Repeat, line for line, only the span that opens at the "Hobestluk Bean Bag" line and closes at the final line below. Skip the pictures.
____
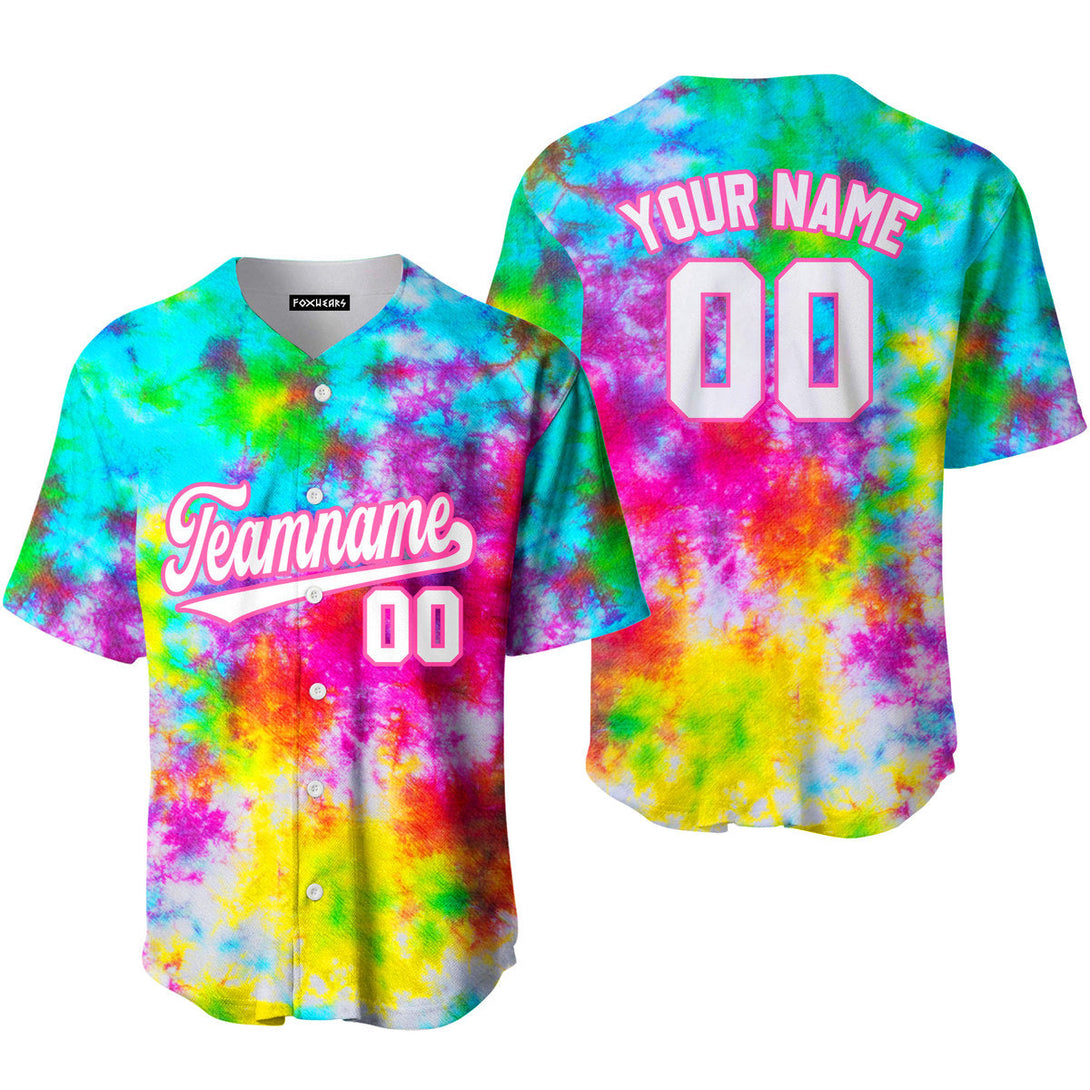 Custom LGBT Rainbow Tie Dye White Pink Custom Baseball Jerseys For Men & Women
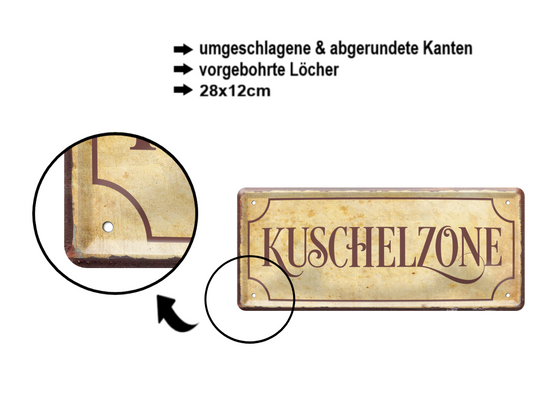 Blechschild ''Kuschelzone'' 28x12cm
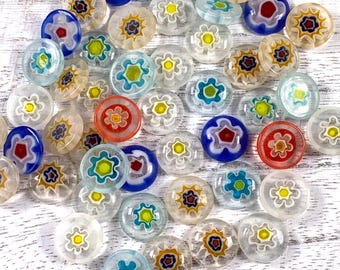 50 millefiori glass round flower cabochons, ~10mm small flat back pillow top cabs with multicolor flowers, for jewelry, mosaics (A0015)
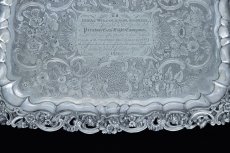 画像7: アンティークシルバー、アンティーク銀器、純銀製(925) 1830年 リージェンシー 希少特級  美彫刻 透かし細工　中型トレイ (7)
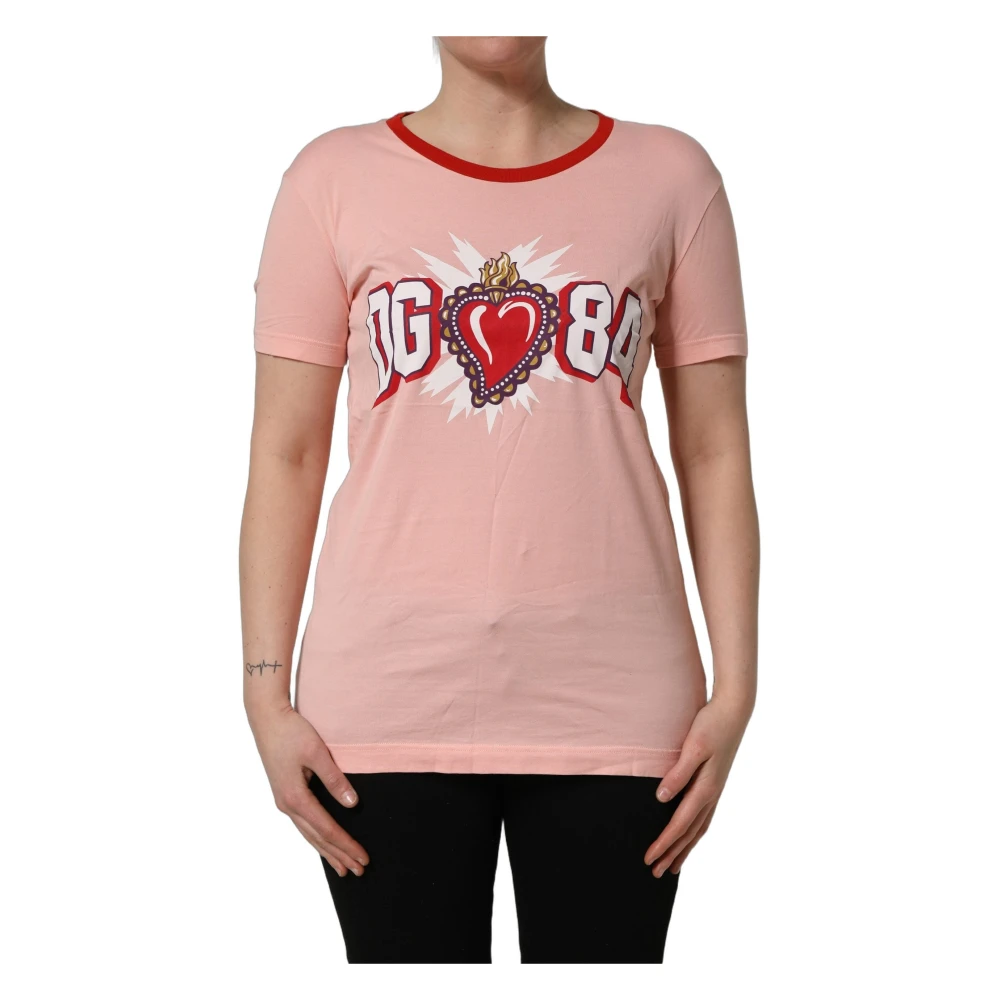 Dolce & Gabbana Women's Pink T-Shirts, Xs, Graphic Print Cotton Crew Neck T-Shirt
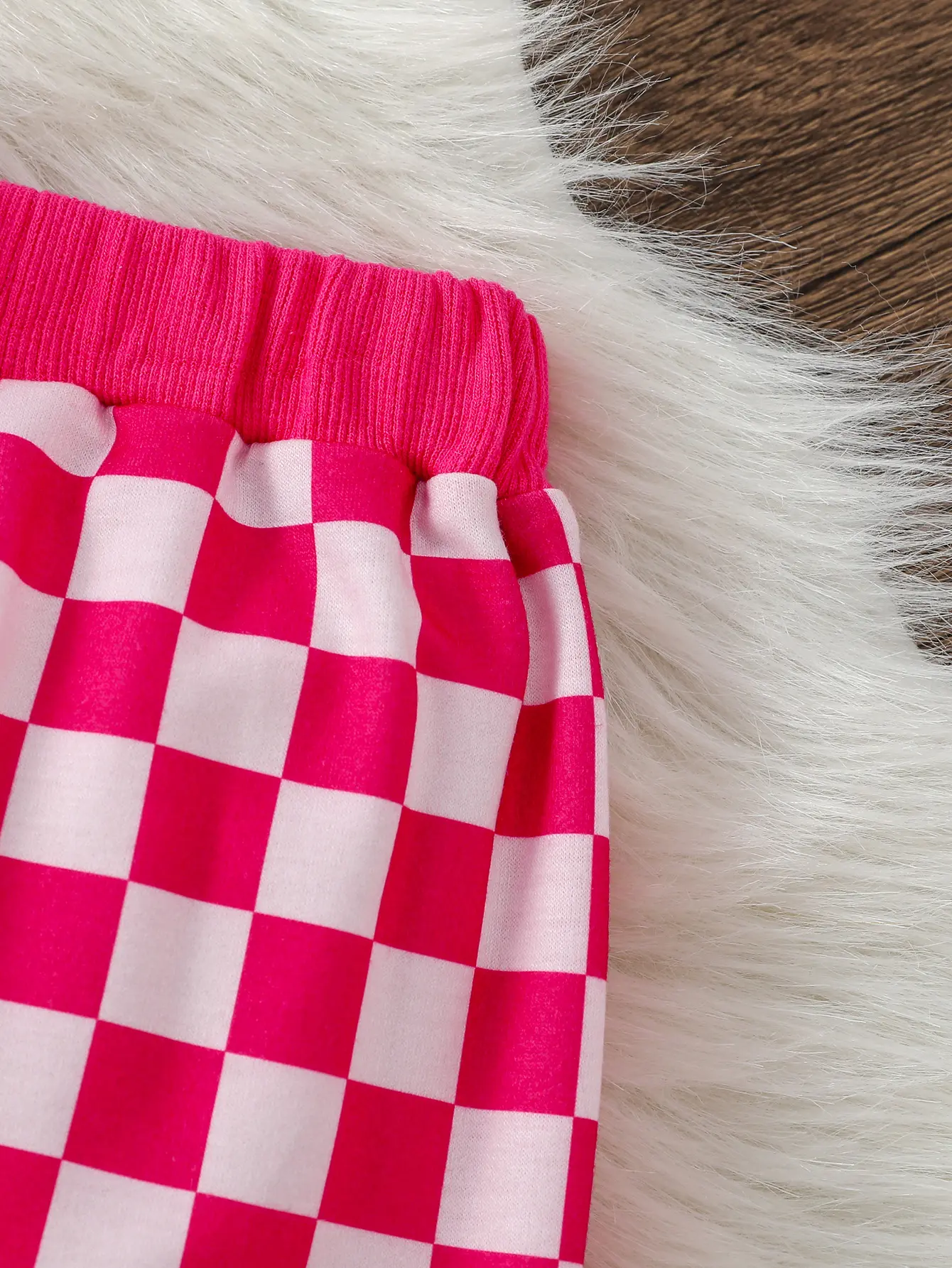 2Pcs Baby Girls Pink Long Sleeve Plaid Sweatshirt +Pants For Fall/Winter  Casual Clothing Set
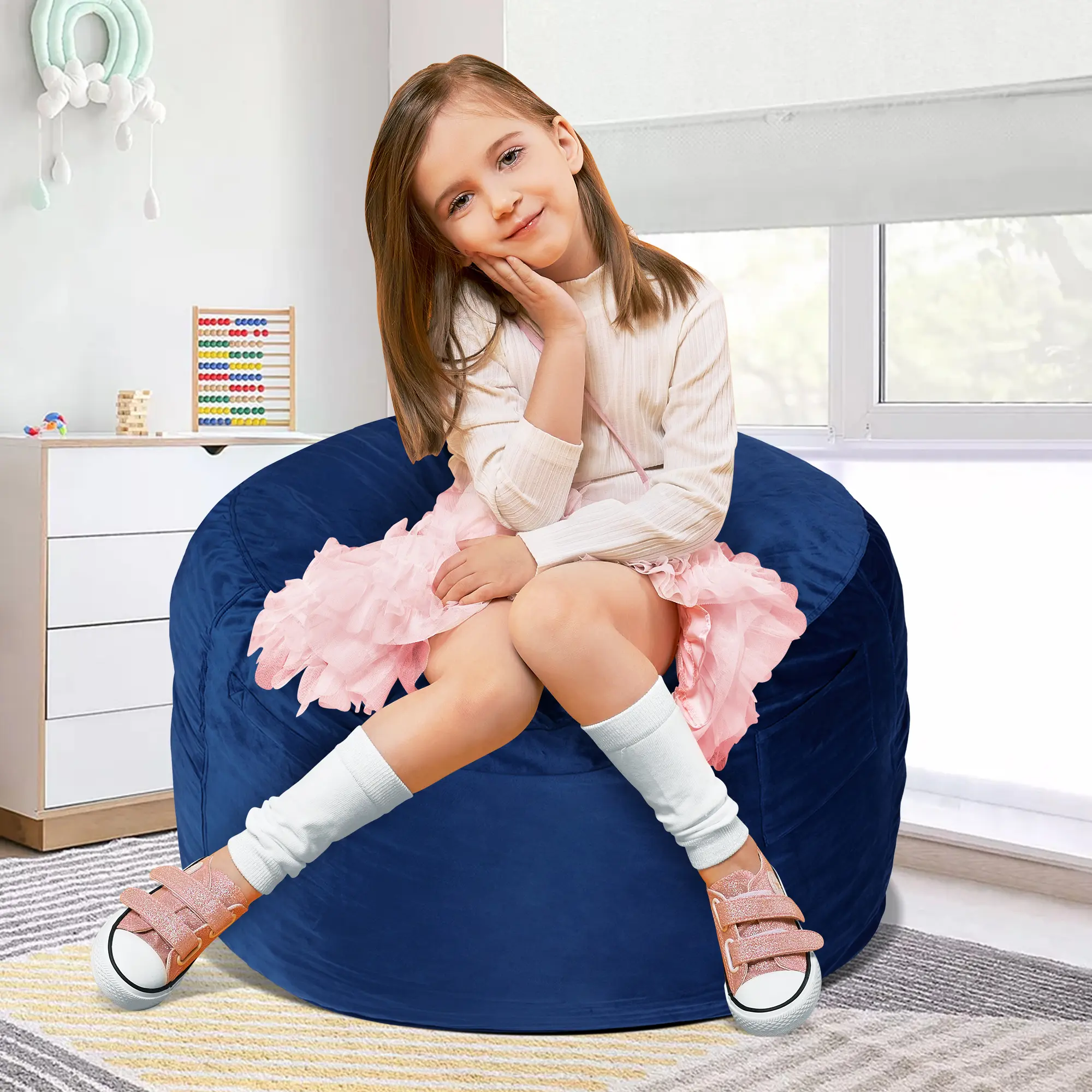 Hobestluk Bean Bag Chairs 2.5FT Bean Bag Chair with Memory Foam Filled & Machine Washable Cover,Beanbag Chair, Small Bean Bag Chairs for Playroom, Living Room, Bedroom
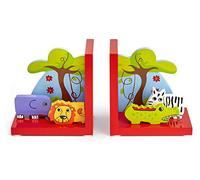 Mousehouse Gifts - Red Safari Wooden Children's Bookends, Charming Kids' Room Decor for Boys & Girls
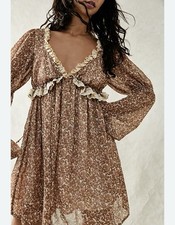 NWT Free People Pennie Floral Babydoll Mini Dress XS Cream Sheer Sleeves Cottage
____
### Answer space
 Hobestluk Bean Bag Chairs 2.5FT Bean Bag Chair with Memory Foam Filled & Machine Washable Cover,Beanbag Chair, Small Bean Bag Chairs for Playroom, Living Room, Bedroom
 Mousehouse Gifts - Red Safari Wooden Children's Bookends, Charming Kids' Room Decor for Boys & Girls
 NWT Free People Pennie Floral Babydoll Mini Dress XS Cream Sheer Sleeves Cottage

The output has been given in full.